"Jazmin, this isn't you."
"Normally, you're not like this."
"I just don't know what to do."
Stuck in a season of stagnancy and flat out struggle, I almost lost it and gave up. I was really down on my luck and couldn't seem to understand how I was just sitting high on the throne of God's grace only to end up back at the bottom with bowed knees.
The life I had known and had really started to grow cozy, confident, and comfortable in, burst in flames. The fire grew quickly, and before I could find an escape it was already too late.
I suffered in silence, per usual. Letting the external struggles that engulfed me tear my internal spirit of positivity and perseverance down to a nub.
I felt like I was in hell, and every now and then I would get the chance to see and feel a little bit of what heaven could be like. Truth is I had become my own worst enemy, I was busy self-sabotaging my own life and didn't even know it. I had slowly veered out of my lane only to end up at a dead end with no service and a soon to be dead phone.
Stuck in a season of stagnancy and flat out struggle. I cried, drying my insides out from the flood gate of tears that just kept coming. My down days had resurfaced, and I was so afraid to acknowledge its returning signs, that it eventually forced my hand to be still.
I was forced to be still, to be stuck and to be stagnant. I was rushing to the pace of my own urgency to succeed I forget to let God guide me.
I was stuck in my own way again and "things take time" was the last thing I was trying to hear.

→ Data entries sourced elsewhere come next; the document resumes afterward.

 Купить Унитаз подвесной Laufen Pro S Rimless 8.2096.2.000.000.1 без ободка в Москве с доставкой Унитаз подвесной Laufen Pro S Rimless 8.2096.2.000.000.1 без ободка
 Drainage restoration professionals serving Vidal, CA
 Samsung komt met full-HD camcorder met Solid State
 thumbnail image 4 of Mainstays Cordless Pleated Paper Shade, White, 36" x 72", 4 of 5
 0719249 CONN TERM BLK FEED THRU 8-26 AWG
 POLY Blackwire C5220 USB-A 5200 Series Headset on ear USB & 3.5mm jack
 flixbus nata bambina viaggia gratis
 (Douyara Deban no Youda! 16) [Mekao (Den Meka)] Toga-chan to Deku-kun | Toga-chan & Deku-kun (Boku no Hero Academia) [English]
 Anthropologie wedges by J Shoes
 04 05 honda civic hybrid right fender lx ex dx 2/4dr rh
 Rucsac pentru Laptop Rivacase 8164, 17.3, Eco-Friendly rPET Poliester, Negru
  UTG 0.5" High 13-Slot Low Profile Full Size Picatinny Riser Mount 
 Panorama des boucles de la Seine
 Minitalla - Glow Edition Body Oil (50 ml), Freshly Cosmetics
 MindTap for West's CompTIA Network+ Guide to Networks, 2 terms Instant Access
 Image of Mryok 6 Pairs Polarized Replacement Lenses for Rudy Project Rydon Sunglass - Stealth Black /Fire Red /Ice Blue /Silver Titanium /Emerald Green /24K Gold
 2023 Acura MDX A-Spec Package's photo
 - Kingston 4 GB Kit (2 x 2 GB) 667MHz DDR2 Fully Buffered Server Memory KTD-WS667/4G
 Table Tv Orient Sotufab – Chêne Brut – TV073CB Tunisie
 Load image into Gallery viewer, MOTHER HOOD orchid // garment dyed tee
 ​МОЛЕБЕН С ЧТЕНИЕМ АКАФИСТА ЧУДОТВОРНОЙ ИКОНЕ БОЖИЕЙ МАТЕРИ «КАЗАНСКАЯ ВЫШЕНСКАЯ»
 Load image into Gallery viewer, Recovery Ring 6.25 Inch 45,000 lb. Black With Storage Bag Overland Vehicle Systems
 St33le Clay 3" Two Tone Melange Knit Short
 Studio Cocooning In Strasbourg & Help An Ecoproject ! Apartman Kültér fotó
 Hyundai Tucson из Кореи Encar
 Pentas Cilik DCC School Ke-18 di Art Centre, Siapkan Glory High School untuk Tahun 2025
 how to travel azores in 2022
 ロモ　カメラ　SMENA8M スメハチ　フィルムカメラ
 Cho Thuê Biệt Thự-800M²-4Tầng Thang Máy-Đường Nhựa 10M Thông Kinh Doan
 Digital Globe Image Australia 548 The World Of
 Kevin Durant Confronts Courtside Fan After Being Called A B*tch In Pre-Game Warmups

I was trying to move at Godspeed with more emphasis on the speed and less focus on God.
I wasn't hearing God nor even asking God for help and strength to keep going. I was solely fighting a war on my own, that wasn't specifically designed for me to fight by myself.
And what's funny is I didn't even realize it. I had filled my time up with everything that appeased others that no room was left for indulgence and self care of my own. I was distracted by a fast-paced life of deadlines, dates, and dues that seemed infinite. I didn't know how to get back on the lane that aligned me with God's path for my life. I realized I had sold myself short and things would never be the same. That there was no going back to my old life and there was no going back to my old ways.
All that I knew was behind me. I had to start anew. I had to figure out and fix the fucked up behavior I had habitually practiced for the 20 years worth of breath I had in my body. There was no quick fix, excuse or finesse that could be utilized at this crossroads I found myself at.
I could give in, give up or get out. Getting out was the hardest decision of the three, but the fighter in me just couldn't seem to allow myself to give into the ladder.
Stuck in a season of stagnancy and flat-out struggle, God spoke and brought me to my knees. I was humbled, healed and brought to new heights.
The season I sold myself short yielded a renewed dedication to my salvation and a sanctified soul fully trusting of God to guide my steps to substance and success.